Preserving Bidayuh language


Any form of successful conservation, especially when it is related to culture and tradition, has to come from the people involved. No amount of outside help can conserve and protect a dying culture if its people do not have the desire to do so.

LEARNING PROCESS: Children playing with educational toys to improve their cognitive skills.

DAYAK Bidayuh National Association (DBNA) president Ik Pahon has exhorted the Bidayuhs to set up their own Heritage Play Schools (HPS) in their villages to help conserve and protect their language.

He urged them to sacrifice a little for the love of their culture and tradition by keeping their language alive through these schools.

HPS is a self-financing community-based playschool for children below kindergarten age.

Ik Pahon assured the villagers DBNA would provide the technical support.

“Let’s be proud of our culture, our tradition. Let’s sacrifice a bit of our money to perpetuate our language to ensure the continuance of the Bidayuh Heritage.”

It was this love and passion that drove Bidayuh leaders to approach SIL International (formerly Summer Institute of Linguistics) and later Unesco, for help to preserve and promote their language. HPS in nine villages were set up as a result.

What prompted the move was that the Bidayuh language was dwindling, and gradually breaking down when the community began speaking it with infusions of other languages. Ethnic words were forgotten and lost, replaced by words of Malay and English. The Bidayuh tongue had begun its journey to extinction.

What has happened to the language is inevitable as it’s the natural course of any tribal language viewed as insignificant to any form of progress and development — academic or careerwise — by its own people.

Almost every country has gone through this problem — the only difference is the effort of its people to preserve and protect their language.

For many, dwindling languages on the periphery of global culture, supported by a few campaigning linguists, seem an insurmountable challenge but there are a few that bear the testimony of successful salvage.

The Bidayuh language is the core identity of the community in Sarawak. It is quintessentially their pride.

Given the close links between the language and identity of the community, the Bidayuhs, with the current trend, stand to lose their culture and tradition if their language is allowed to cease with passing time.

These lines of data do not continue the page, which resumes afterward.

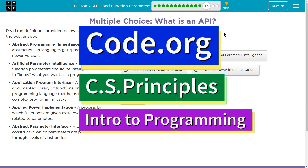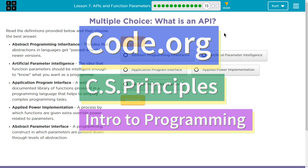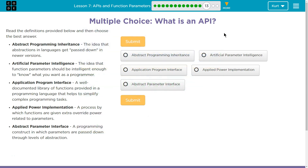This is Code.org. I'm currently working on their CS Principles course. I'm on Unit 3, Intro to Programming, Lesson 7, APIs and Function Parameters, Puzzle 13.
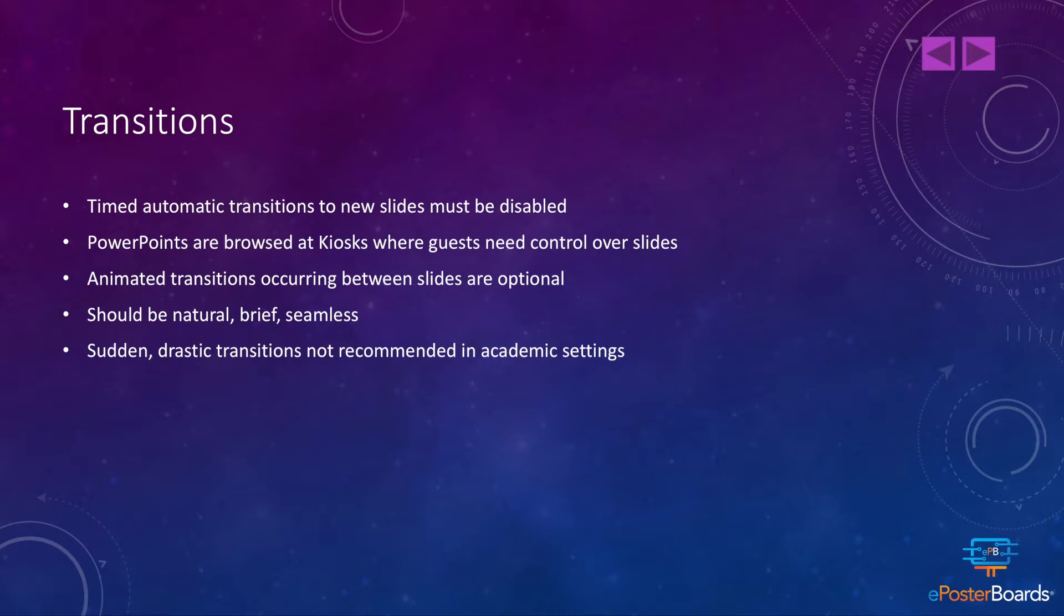These should be natural, brief, and seamless, whereas sudden, drastic transitions are not recommended in these academic settings.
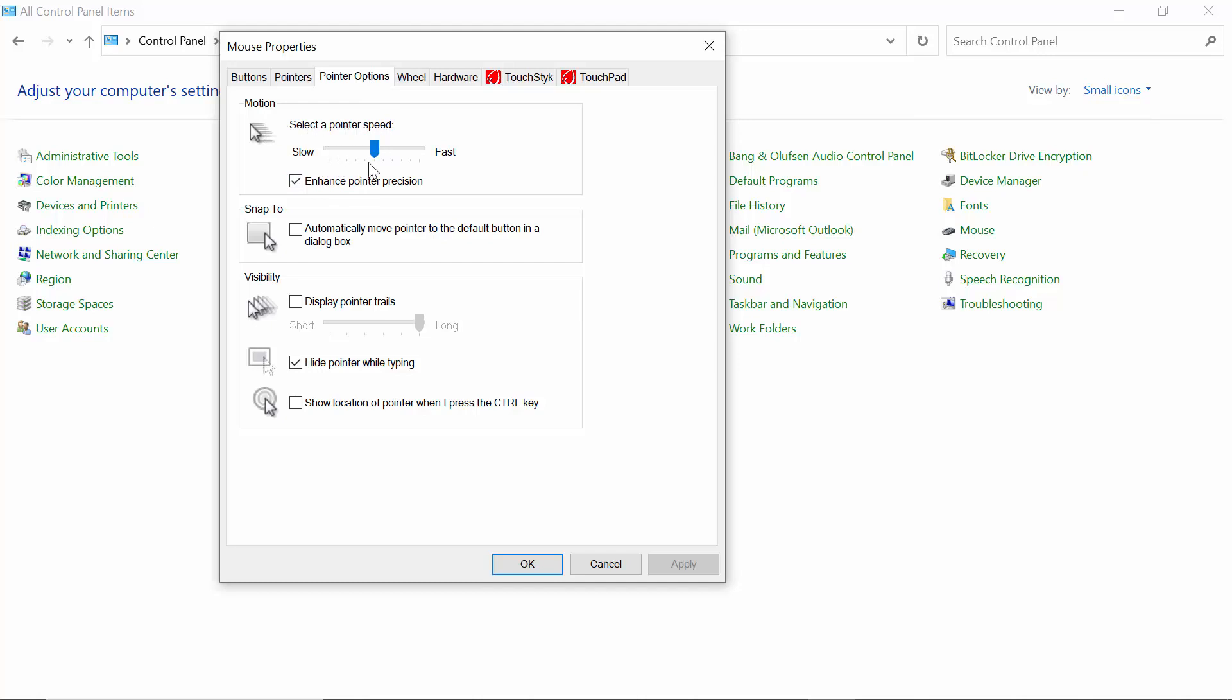Here you can see the option Select a Pointer Speed. Make sure that this option is in the middle point of the slider, otherwise it won't work. If you think that your pointer speed is not in the middle, that means your mouse wheel problem may not work perfectly.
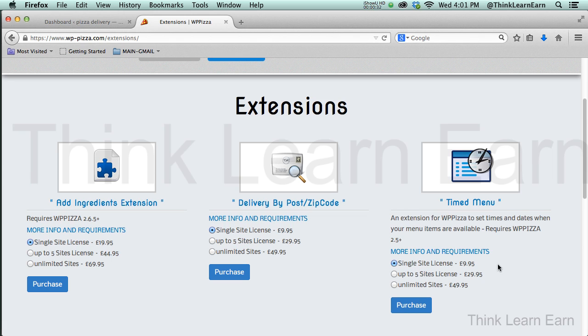But right now, the retail value in dollars—you'll notice that these numbers are in pounds—so the retail value on these plugins is about $220.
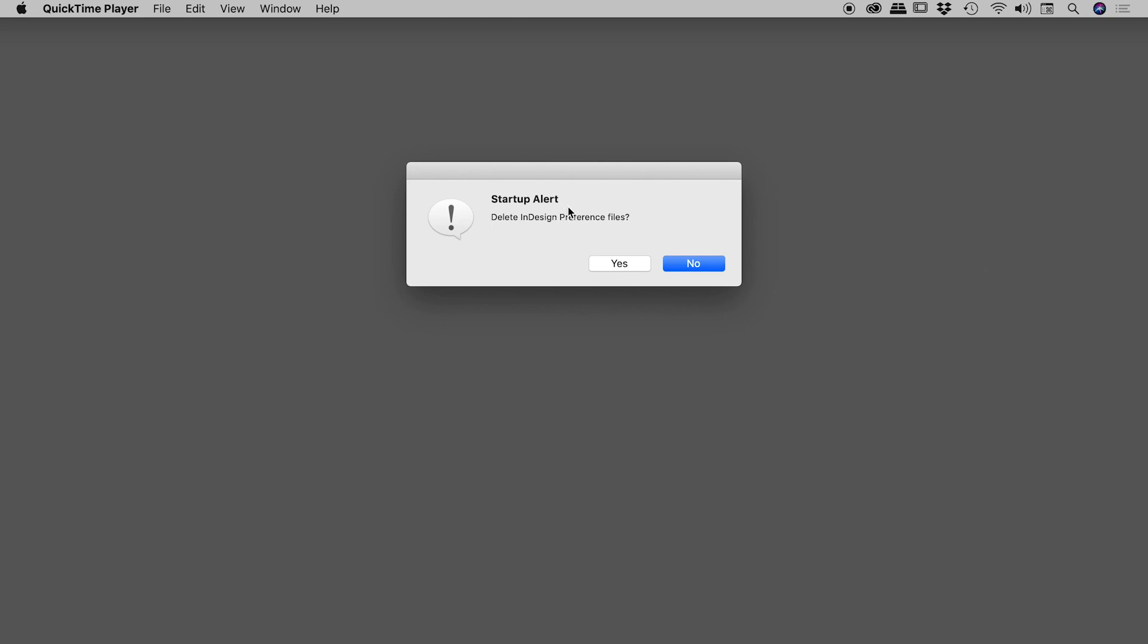Now Startup Alert, delete the InDesign preference files. I'll grant you this, that's a terrifying dialog box. The word delete, don't worry about that.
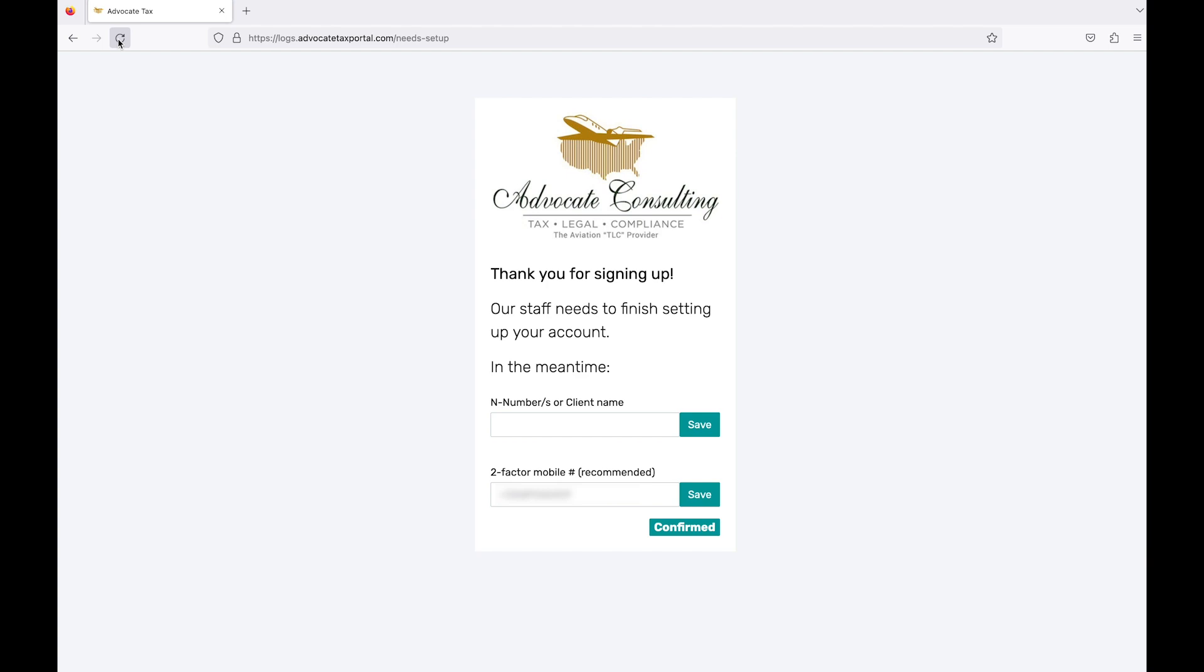Once you refresh, it will say it is confirmed. There is nothing left to do on this screen. You will receive an email when your account is active and ready to use.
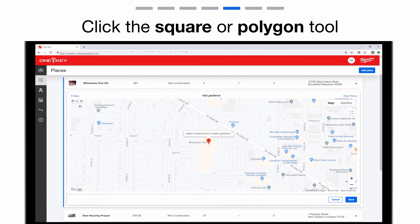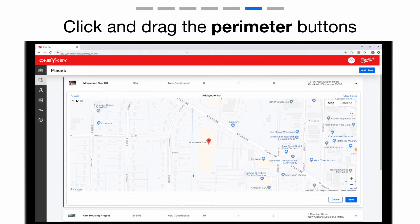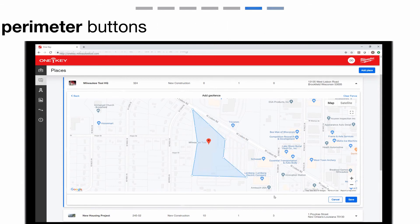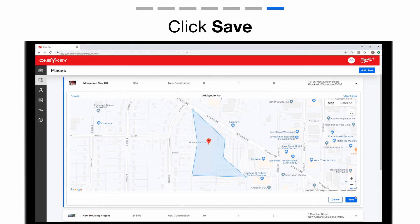Using the polygon or square tool, draw your geofence. Click and drag the perimeter buttons to adjust the shape of your geofence. When you're satisfied, click Save.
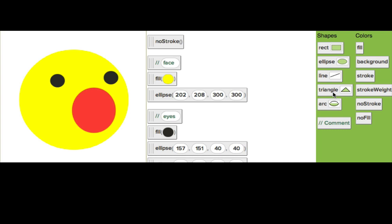What could we use to make a party hat? I want to show you how to use the triangle function because we haven't used that before. So let's try making a hat out of a triangle.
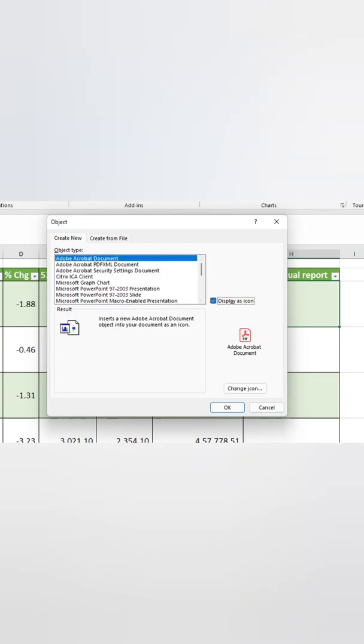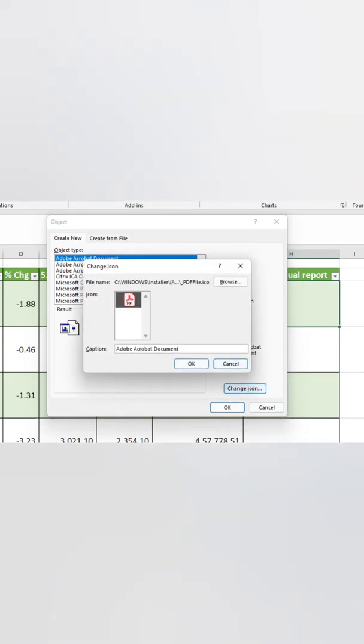So selecting the same and checking display as icon. If you want a different icon you can change the same by selecting change icon and browse for different icons from your system or online browser.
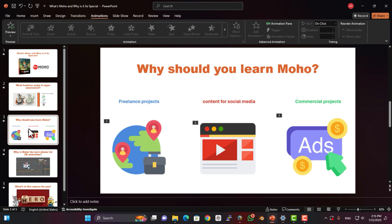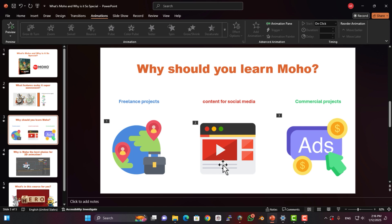How can you make money with Moho? One, freelance projects. Websites like Fiverr and Upwork are full of clients looking for professional animators. With Moho, you can easily deliver high-quality work and earn in dollars. Two, content for social media. Platforms like YouTube, Instagram, and even TikTok love animated content. Learn Moho, create engaging animations, and start earning through views, collaborations, or sponsorships. Three, commercial projects. Businesses need professional animations for ads and marketing. You can work with brands and companies to create content and take on high-paying projects.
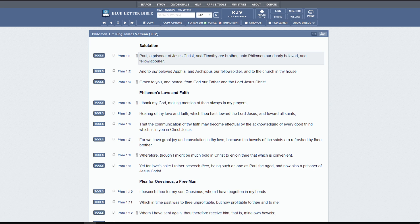First one, Paul, a prisoner of Jesus Christ and Timothy, our brother to Philemon, our dearly beloved and fellow laborer. So Philemon was at Colossae. And it is believed that Apthea was probably his wife, and maybe Archippus, his son.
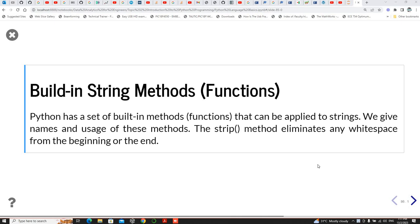We're going to continue with the subject matter of strings, but we're going to look at some of the built-in string methods. Python has a set of built-in functions that you can apply to strings.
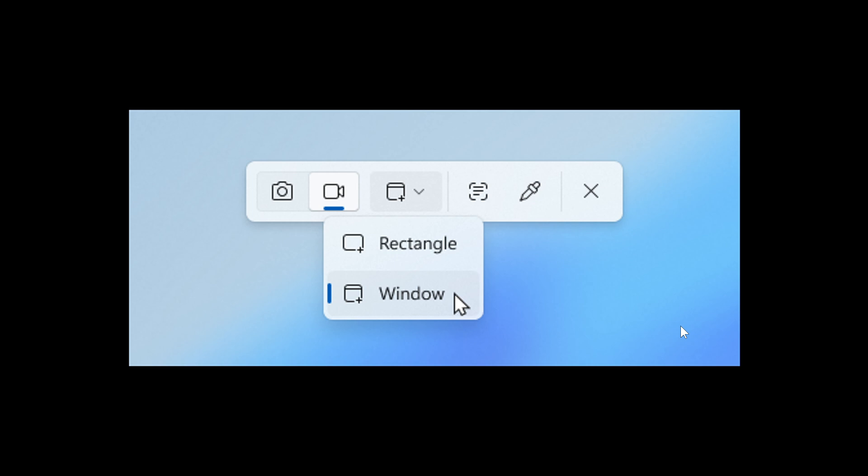that Microsoft is rolling out an update to insiders in the Canary and Dev channels, which is introducing a feature for the snipping tool for the screen recording feature, which has been a long time coming.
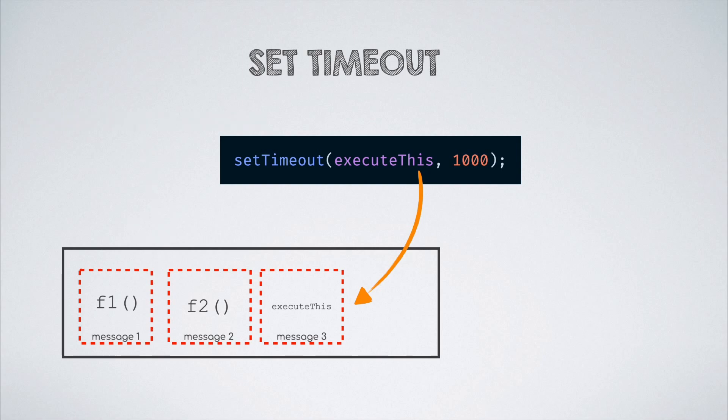This might make you wonder about an interesting scenario. What happens in the case of a setTimeout called with 0 seconds as the time? How would that behave? Let me know in the comment section below.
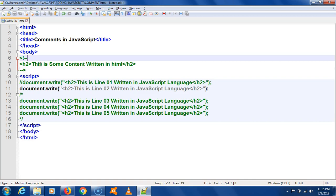I hope you understood the importance of commenting — it prevents content from being displayed on the browser. This is how you comment in JavaScript. I hope you understood the concept, and I'll see you in the next session. Until then, bye.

Concerned about their dwindling language and alarmed by the eventual negative outcome if they did nothing, the Research and Development Movement of Singai (Redeems) took the bull by the horns and formed the Malaysia branch of SIL International to help conserve the Bidayuh language.

That positive step is a milestone in language preservation in the state as the Bidayuhs are the first of the country’s 27 ethnic tribes to make the effort. The Dayak Bidayuh National Association (DBNA) was put in charge of the task.

Explained Josak Siam, DBNA multi lingual project coordinator: “The intention is preserve and promote the Bidayuh Language at homes, schools and among Bidayuh communities to ensure its continued usage and practice.”

The move is aimed at developing a standardised writing system for all Bidayuh dialects as well as expanding the existing body of Bidayuh literature.

Also in the works are the compilation of forgotten or lost words for a Bidayuh dictionary and the development of a curriculum and resource for the language to be taught in schools.

Through this project, it is hoped the Bidayuh language and culture will be promoted among the community as well as to the rest of the world.

The Bidayuh Language Development project was implemented in 2001 and Unesco set up its first multi-lingual education pilot project in Malaysia for the Bidayuhs.

“We couldn’t undo what had happened but we could reset a trend,” Josak said.

Pre-school children are their ambassadors and they will help perpetuate the language.

An HLPS has already been set up in the villages of Pasir Hilir, Gahat Mawang, Bunuk, Skio and Jakaw. The first four playschools there were funded by Unesco until this year when they have to be self-financing.

The project was so well-received by the villagers that five more schools have been set up in Serasot, Bogag, Sinjok, Apar and Atas this year.

All the nine pre-schools are community-based and the villages concerned are responsible for their finances with DBNA chipping in partially.

Josak explained: “The programme for the first year of the Multilingual Education Project (MLE) is conducted wholly in the Bidayuh language and aimed at building the children’s eloquence in the language to allow them to talk about themselves and the world while appreciating their culture.”

For three hours every morning, the class would develop the children’s cognitive, social, physical and emotional skills through play and interaction, he said, adding that pre-reading and writing skills were also taught in the class.

The programme is for children between three and four years old.

Next year will see five and six year-olds attending a two-year kindergarten programme to develop their writing and learning skills in Bidayuh.

Subjects such as math and science are included in the syllabus while the other languages — English and Bahasa Malaysia — will be introduced orally.

“When the children learn to read and write in their mother tongue, they develop skills that can be transferred to any language.

“As they progress to the formal setup where they have to learn English and Bahasa Malaysia, these skills are already familiar.

“The students only need to learn the second language without the added burden to learn reading and writing at the same time,” Josak said.